冠状动脉旋磨术(OA)是在支架置入前对严重钙化血管进行病变预处理的有效方法。长段钙化病变可能导致术后并发症风险更高,但最佳治疗策略尚未确立。在本研究中,我们试图确定OA在长(≥25 - 40毫米)钙化靶病变患者中的安全性和有效性。
ORBIT II是一项单臂试验,在美国49个中心招募了443例患者。对初发的严重钙化冠状动脉病变在支架置入前进行OA治疗。根据研究者目测估计的靶病变长度,接受OA装置治疗的患者被分为两组:短病变(<25毫米;n = 314)与长病变(≥25 - 40毫米;n = 118)。按照方案,排除长度>40毫米的病变。主要终点是3年主要不良心血管事件(MACE)发生率,定义为心源性死亡、心肌梗死(MI)和靶血管血运重建(TVR)的复合事件。
短病变(<25毫米)与长病变(≥25 - 40毫米)患者的3年MACE发生率分别为21.1%和29.9%(p = 0.055)。心源性死亡发生率(6.5%对7.8%,p = 0.592)和TVR发生率(8.5%对13.7%,p = 0.153)无显著差异。长病变(≥25 - 40毫米)患者3年时MI(CK - MB>3×ULN)发生率显著更高(9.0%对17.0%,p = 0.024),且多数发生在住院期间(7.0%对13.6%,p = 0.037)。

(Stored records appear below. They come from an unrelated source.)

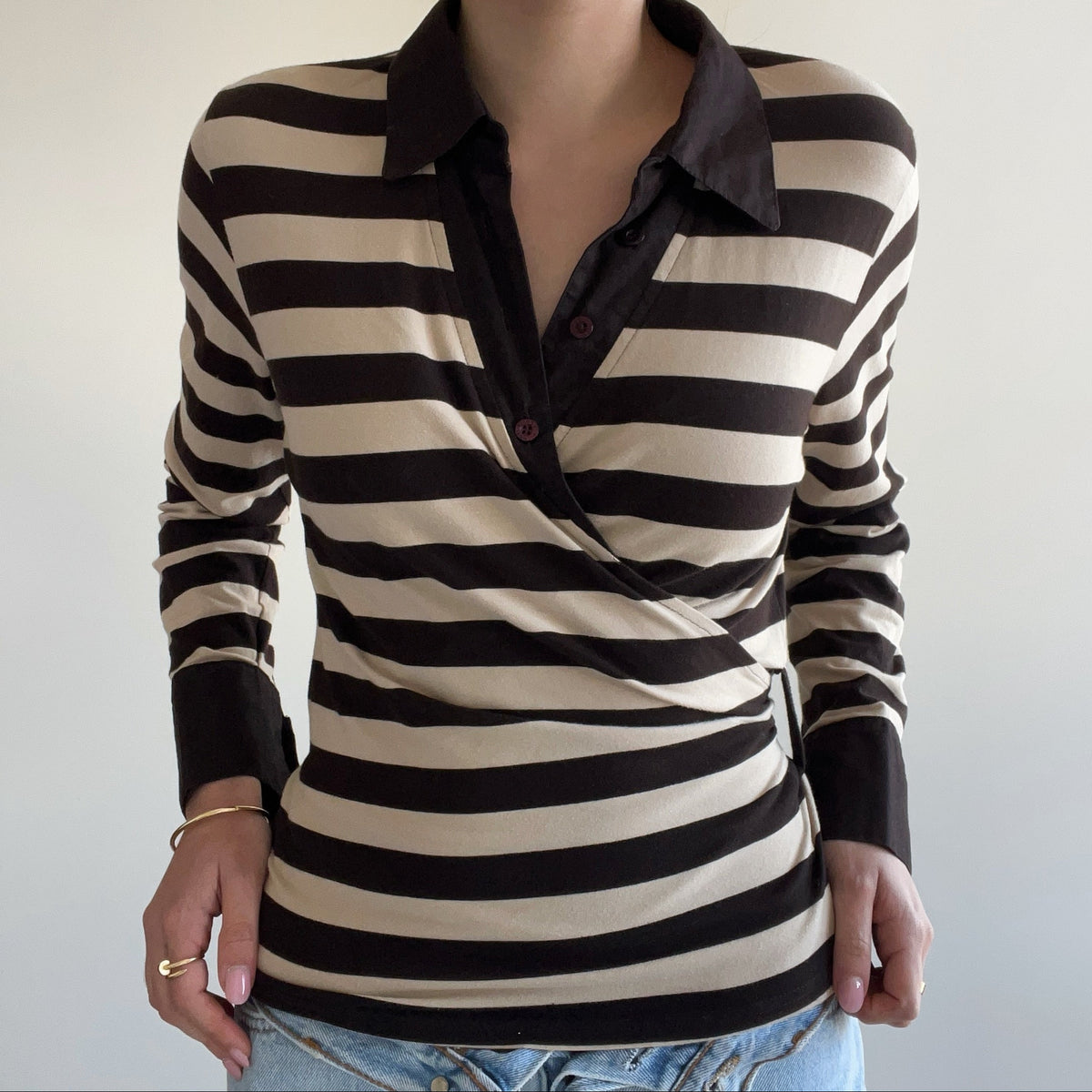 STRIPED WRAP BLOUSE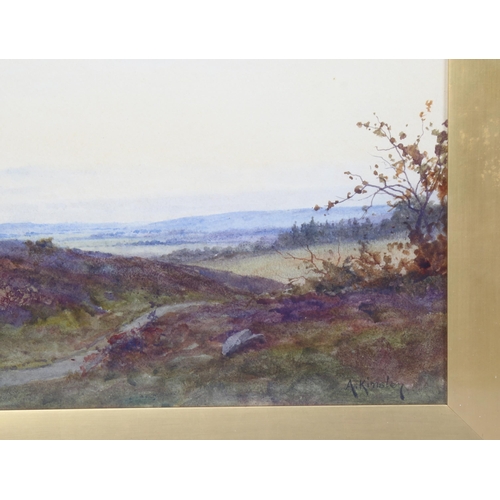 777 - Albert Kinsley (1852 - 1945), Surrey views, pair of watercolours, signed, 25cm x 37cm, framed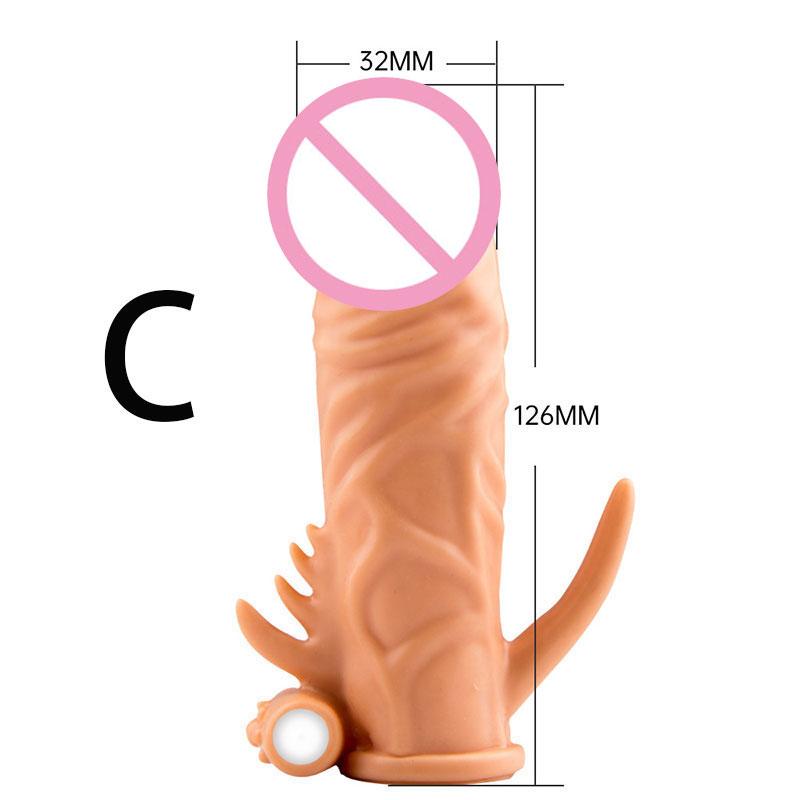 Sex Toys For Man Condom Goods Sex Shop 21CM Enlargement Male Penis Extender Silicone Sleeve Reuseable Condom Delay Ejaculation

长(≥25 - 40毫米)钙化靶病变患者3年时MACE结局相似,尽管MI发生率更高,且多数发生在住院期间。采用更现代的SCAI对MI的定义,短病变(<25毫米)组与长病变(≥25 - 40毫米)组的MI发生率无显著差异。有必要进一步研究以确定OA与聚焦力球囊血管成形术、旋切术及其他针对长段严重钙化病变的新型治疗方法相比如何。
长段钙化病变的经皮冠状动脉介入本质上更复杂、风险更高,可能需要更强化的病变预处理。ORBIT II的这项亚分析显示,对较长(≥25 - 40毫米)病变进行冠状动脉旋磨术治疗在30天时MACE发生率较高,但3年时并非如此。然而,这种差异主要由住院期间较高的非Q波MI发生率驱动;采用更现代的SCAI对MI的定义,短病变(<25毫米)组与长病变(≥25 - 40毫米)组的MI发生率无显著差异。